Toplumsal cinsiyete dayalı her türlü ayrımcılık ve şiddete karşı 11 Mayıs 2011 tarihinde imzaya açılan İstanbul Sözleşmesi'ninçekincesiz ilk imzacılarından biri Türkiye'ydi. Sözleşme, şiddet sorununa dair bugüne kadar hazırlanmış en kapsamlı uluslararası sözleşme olarak biliniyordu. Türkiye, 10 Şubat 2012 tarihinde Bakanlar Kurulu kararıyla onaylanan İstanbul Sözleşmesi'ne on sene boyunca taraf oldu.

Sözleşme 6284 Sayılı Kanun'a dayanak oldu 

Sözleşmeye imza atılmasının ardından, sözleşmede yer alan ilkelere bağlı kalınarak "6284 Sayılı Ailenin Korunması ve Kadına Karşı Şiddetin Önlenmesine Dair Kanun" hazırlandı. Türkiye'de kadına yönelik şiddetle mücadele kapsamında hazırlanan en önemli kanun böylece 20 Mart 2012 tarihinde yürürlüğe girdi. Ancak Türkiye, 20 Mart 2021 tarihinde 6284 Sayılı Kanun'a dayanak olan İstanbul Sözleşmesi'nden Cumhurbaşkanı kararıyla sözleşmeden çekildiğini duyurdu. 
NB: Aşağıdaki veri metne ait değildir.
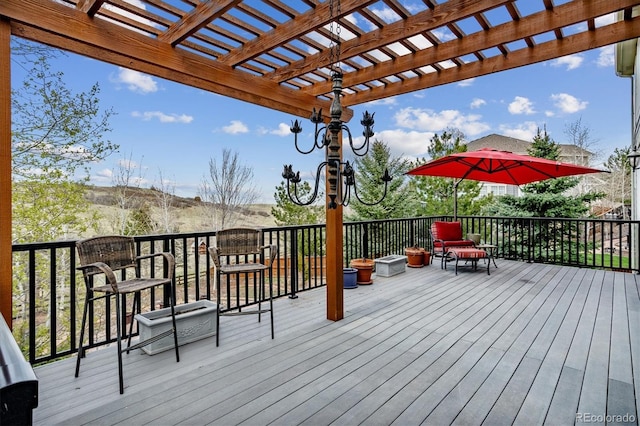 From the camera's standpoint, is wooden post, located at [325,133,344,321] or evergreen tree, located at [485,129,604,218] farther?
evergreen tree, located at [485,129,604,218]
Çekilme kararını protesto etmek için Türkiye'nin dört bir yanında kadınlar sokaklara döküldü. Sözleşmeyi savunmak için sokağa çıkan kadın ve LGBTİ'ler, ağır polis şiddetine maruz kaldı, protestolara katılan onlarca kişi gözaltına alındı. Sosyal medyada "İstanbul Sözleşmesi'nden vazgeçmiyoruz" etiketiyle binlerce paylaşım yapıldı. Tek taraflı çekilme kararının ardından kadın örgütleri, barolar ve muhalefet partileri Danıştay'da yürütmenin durdurulması ve kararın iptali talebiyle dava açtı. 

Danıştay başvurularında, kararın hukuken hükmünün olmadığı, Türkiye'nin kanunla yürürlüğe giren bir uluslararası sözleşmeden Cumhurbaşkanlığı kararıyla taraf olmaktan çıkarılamayacağı, sözleşmenin Meclis iradesi yok sayılarak feshedilmesinin olmadığı belirtildi. Açılan davalarda yürütmeyi durdurma talepleri reddedildi. Çekilme kararının yürürlüğe girdiği 1 Temmuz 2021 tarihine kadar ve halen Danıştay'dan karar çıkmadı.

Danıştay savcılarının bugüne kadar sunduğu mütalaalarda ise Cumhurbaşkanlığı işleminin hukuka uygun olmadığı belirtildi. 

"Fesih kararı yok hükmünde"

Eşitlik için Kadın Platformu'ndan (EŞİK) avukat Selin Nakıpoğlu da fesih kararının "yok hükmünde" olduğunu, İstanbul Sözleşmesi'nin halen yürürlükte olduğunu savunuyor.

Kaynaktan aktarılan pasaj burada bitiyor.